§ The data:
━━━━━━━━━━━━━━━━
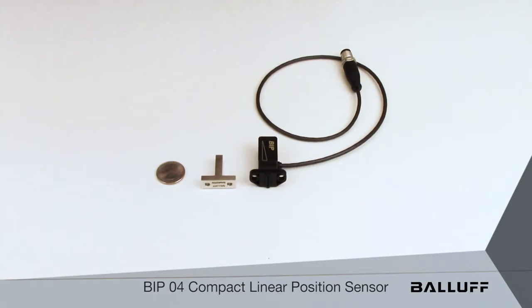Applications for the BIP-04 include clamping spindle position on machine tools, continuous gripper position feedback, and any other application where continuous position feedback is required, particularly in extremely confined spaces.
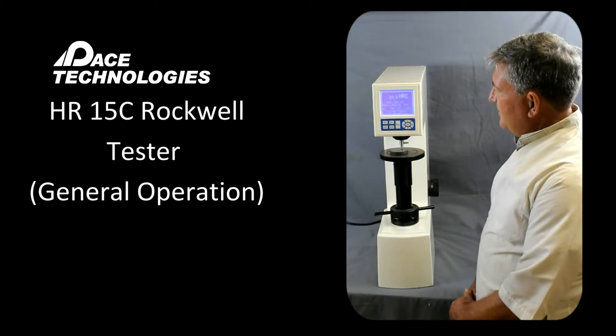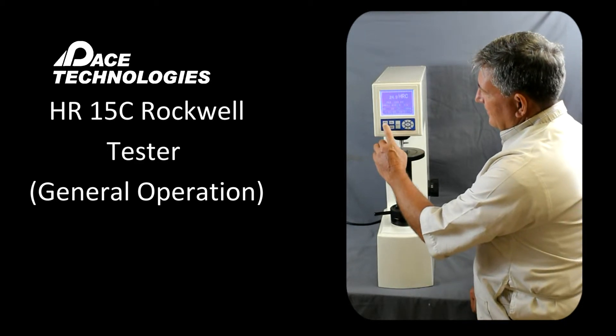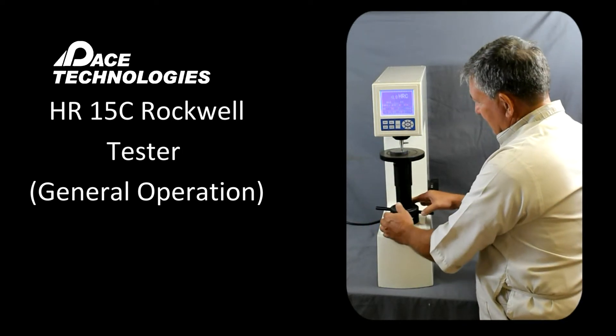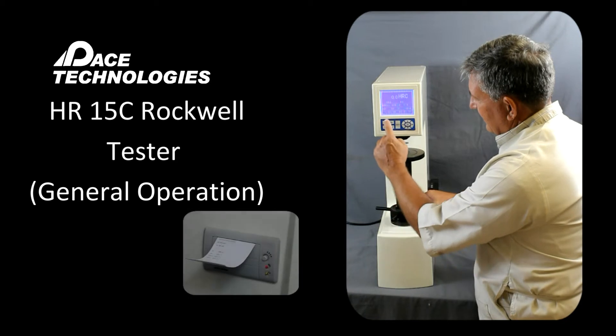If you're ready to print your results, there's a key here called PRT. What you need to do first is back off the stage, take the load off, and then hit print.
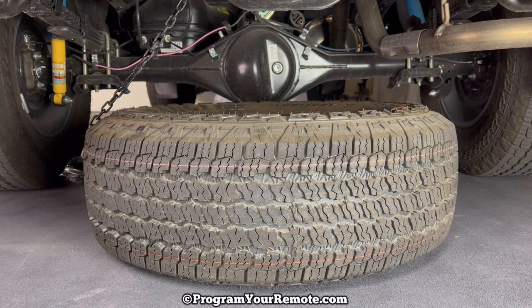We looked at where the jack was in the beginning of the video, and you have your lug nut wrench that we just used as a handle to crank the spare tire down. That should be everything you need in order to change a flat tire. If you have any other questions, please let me know. If you could take a second to like and subscribe, it helps us out — thank you.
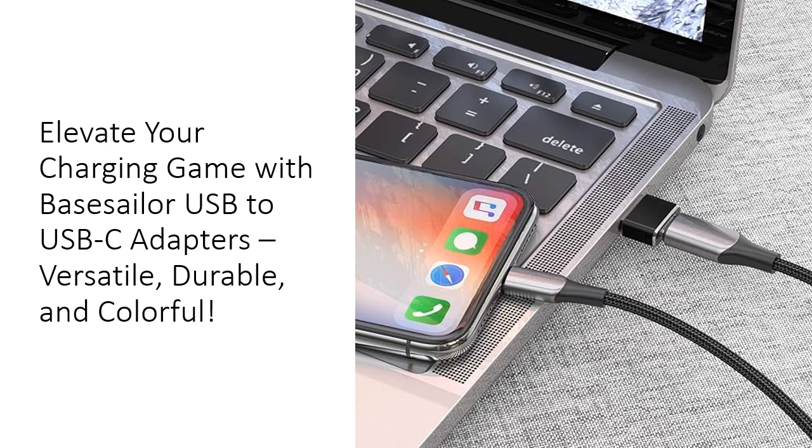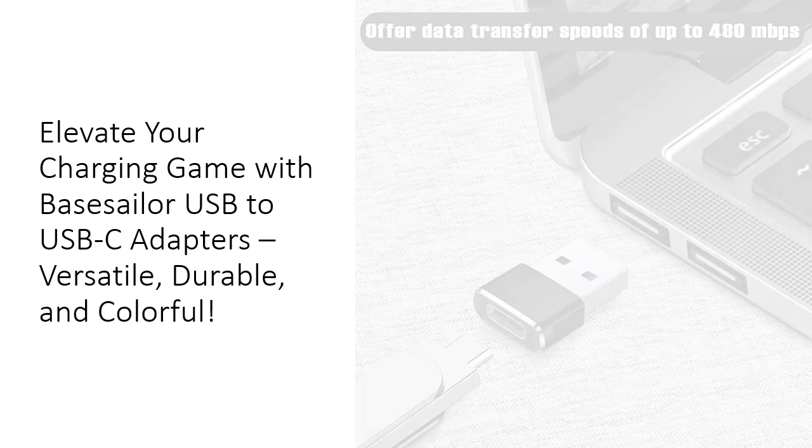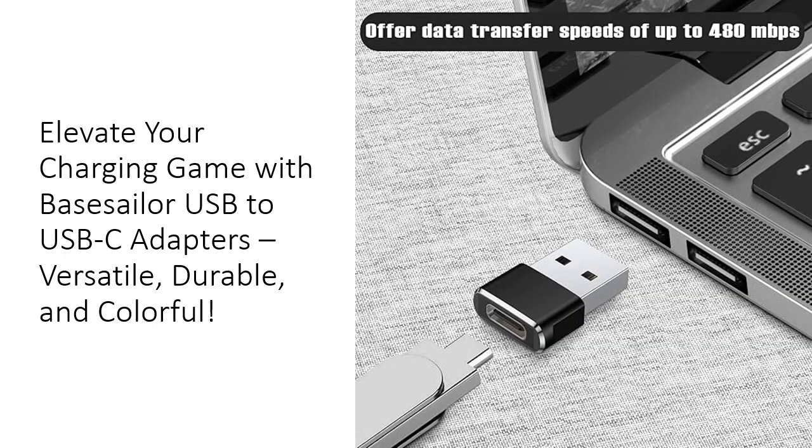This level of quality far exceeds that of standard plastic adapters, making them a smart investment for anyone seeking reliability in their tech accessories. In addition to their stylish appearance, these adapters offer impressive functionality, with the ability to charge your devices at stable speeds up to 5V 3A and 9V 2A — perfect for powering up your iPhone 16, iPad Air, and other USB-C-compatible devices efficiently.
━━━━━━━━━━━━━━━━
§ Description of the task: Give back the material above exactly as it appears, minus any picture.

§ Exercise solution:
Applications for the BIP-04 include clamping spindle position on machine tools, continuous gripper position feedback, and any other application where continuous position feedback is required, particularly in extremely confined spaces.
If you're ready to print your results, there's a key here called PRT. What you need to do first is back off the stage, take the load off, and then hit print.
We looked at where the jack was in the beginning of the video, and you have your lug nut wrench that we just used as a handle to crank the spare tire down. That should be everything you need in order to change a flat tire. If you have any other questions, please let me know. If you could take a second to like and subscribe, it helps us out — thank you.
This level of quality far exceeds that of standard plastic adapters, making them a smart investment for anyone seeking reliability in their tech accessories. In addition to their stylish appearance, these adapters offer impressive functionality, with the ability to charge your devices at stable speeds up to 5V 3A and 9V 2A — perfect for powering up your iPhone 16, iPad Air, and other USB-C-compatible devices efficiently.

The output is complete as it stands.